(oops, I didn't check the usernames properly, sorry about that)
I still don't think this is fully accurate.
The view I'm noticing is that people consider that they have a right to the programs they produce, regardless of whether they are writing them by hand or by prompting an LLM in the right ways to produce that output. And this remains true both for work produced as an employee/company owner, and for code contributed to an OSS project.
Also, as an employee, the relationship is very different. I am hired to produce solutions to problems my company wants resolved. This may imply writing code, finding OSS code, finding commercial code that we can acquire, or generating code. As part of my contract, I relinquish any rights I may have to any of this code to the company, and of course I commit to not use any code without a valid license. However, if some of the code I produce for the company is not copyrightable at all, that is not in any way in breach of my contract - as long as the company is aware of how the code is produced and I'm not trying to deceive them, of course.
In practice, at least in my company, there has been a legal analysis and the company has vetted a certain suite of AI tools for use for code generation. Using any other AI tools is not allowed, and would be a breach of contract, but using the approved ones is 100% allowed. And I can guarantee you that our lawyers would assert copyright to any of the code generated in this way if I was to try to publish it or anything of the kind.
The way I see this it looks like this:
1. Initially, when you claim that someone has violated your copyright, the burden is on you to make a convincing claim on why the work represents a copy or derivative of your work.
2. If the work doesn't obviously resemble your original, which is the case here, then the burden is still on you to prove that either
(a), it is actually very similar in some fundamental way that makes it a derived work, such as being a translation or a summary of your work
or (b), it was produced following some kind of mechanical process and is not a result of the original human creativity of its authors
Now, in regards to item 2b, there are two possible uses of LLMs that are fundamentally different.
One is actually very clear cut: if I give an LLM a prompt consisting of the original work + a request to create a new work, then the new work is quite clearly a derived work of the original, just as much as a zip file of a work is a derived work.
The other is very much not yet settled: if I give an LLM a prompt asking for it to produce a piece of code that achieves the same goal as the original work, and the LLM had in its training set the original work, is the output of the LLM a derived work of the original (and possibly of other parts of the training set)? Of course, we'll only consider the case where the output doesn't resemble the original in any obvious way (i.e. the LLM is not producing a verbatim copy from memory). This question is novel, and I believe it is being currently tested in court for some cases, such as the NYT's case against OpenAI.
The person I replied to said "No one's arguing they're authoring generated code; the whole point is to not author it.". My point was that people absolutely do think and believe strongly they are authoring code when they are generating it with AI - and thus they are claiming ownership rights over it.
I think this is a bit too broad. There are actually three possible cases.
When there is similar code, the only defense possible to prove that you have not copied the original is to show that your process is a clean room re-implementation.
If the code is completely different, then clean room or not is indeed irrelevant. The only way the author can claim that you violated their copyright despite no apparent similarity is for them to have proof you followed some kind of mechanical process for generating the new code based on the old one, such as using an LLM with the old code as input prompt (TBD, completely unsettled: what if the old code is part of the training set, but was not part of the input?) - the burden of proof is on them to show that the dissimilarity is only apparent.

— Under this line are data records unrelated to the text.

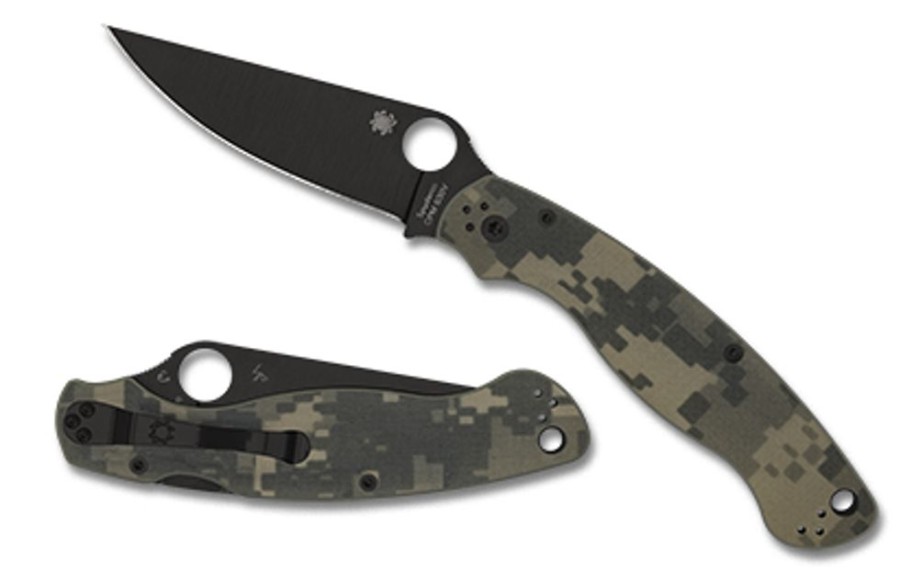 General Spyderco | Military™ 2 Camo G-10 Black Blade Plainedge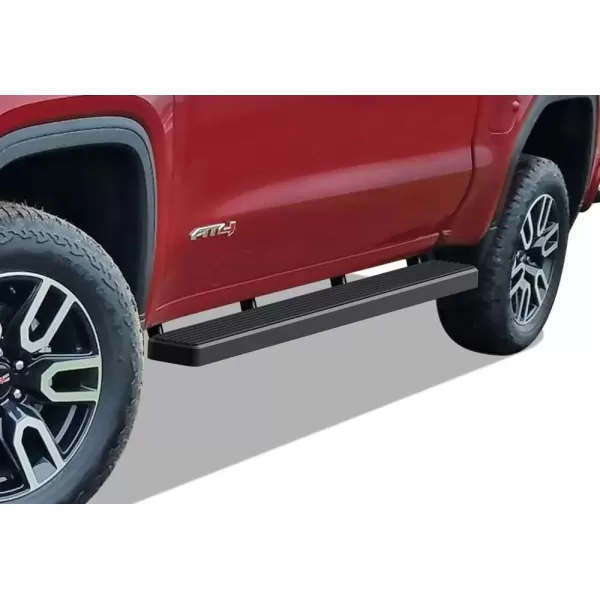 imageAPS IBCZ4828 iBoard Third Generation 5inch Black Aluminum Running Boards Side Step for Selected Chevy Silverado GMC Sierra Crew Cab
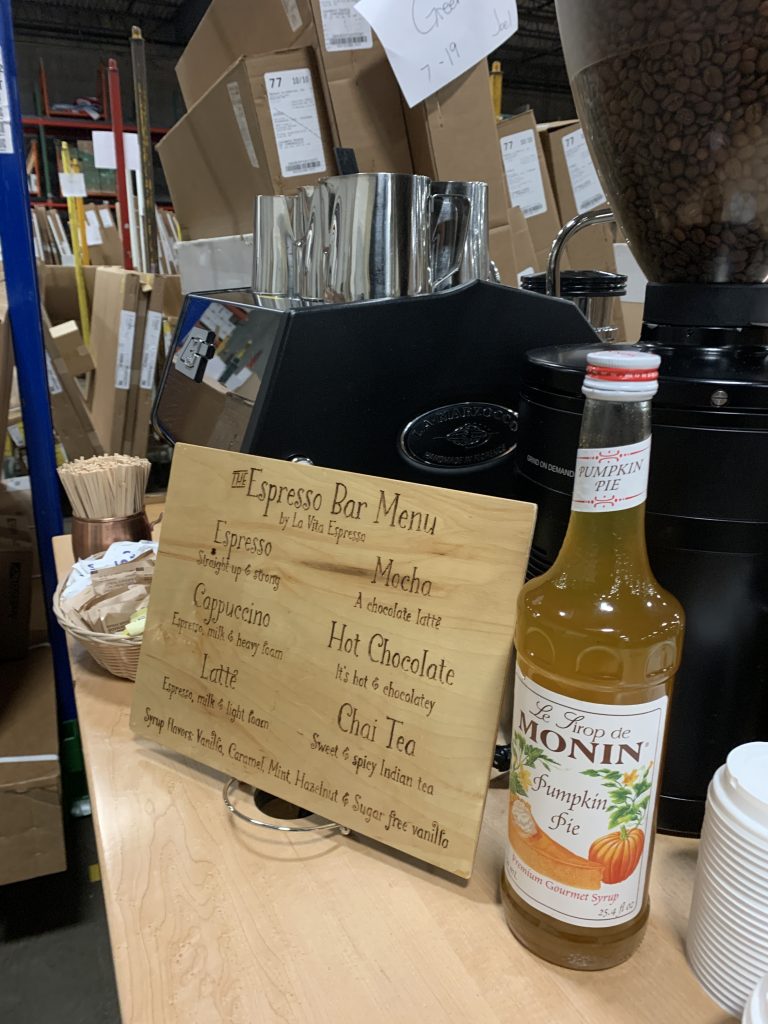 Pumpkin spice coffee catering setup with espresso bar menu at La Vita Espresso event in the Twin Cities.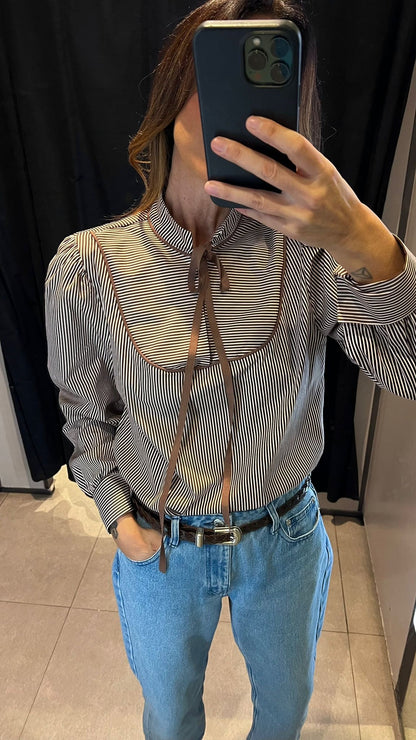 Blusa riscas castanha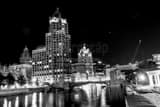 Milwaukee Riverwalk Black and White Horizontal Milwaukee Riverwalk black and white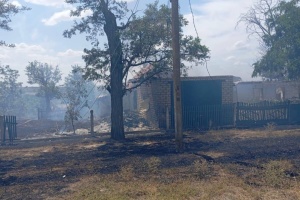 Russian shelling damages residential homes in Dudchany, Kherson region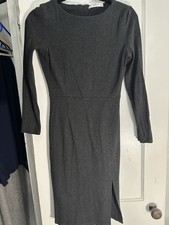 Mango Long-sleeve Ribbed Knit Dress Women's Grey Dress Size S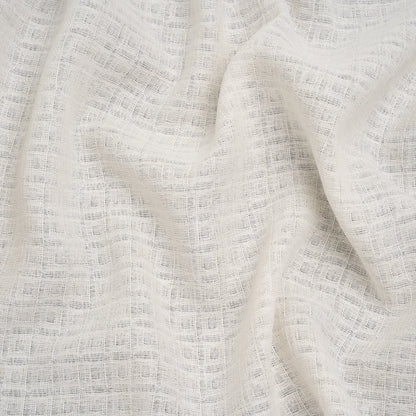 Linen and Cotton Waffle Woven Made in Italy - Natural Ecru White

In realistic cases, you will have a mix of similar and dissimilar portions, and portions where the similarity is questionable. Each of these will need to be analyzed separately - and it's very likely that all the similar portions will need to be re-written again if you can't prove that they were not copied directly or from memory from the original, even if they represent a very small part of the work overall. Even if you wrote a 10k page book, if you copied one whole page verbatim from another book, you will be liable for that page, and the author may force you to take it out.
> IMO this is pretty common sense. No one's arguing they're authoring generated code; the whole point is to not author it.
Actually this is very much how people think for code.
Consider the following consequence. Say I work for a company. Every time I generate some code with Claude, I keep a copy of said code. Once the full code is tested and released, I throw away any code that was not working well. Now I leave the company and approach their competitor. I provide all of the working code generated by Claude to the competitor. Per the new ruling, this should be perfectly legal, as this generated code is not copyrightable and thus doesn't belong to anyone.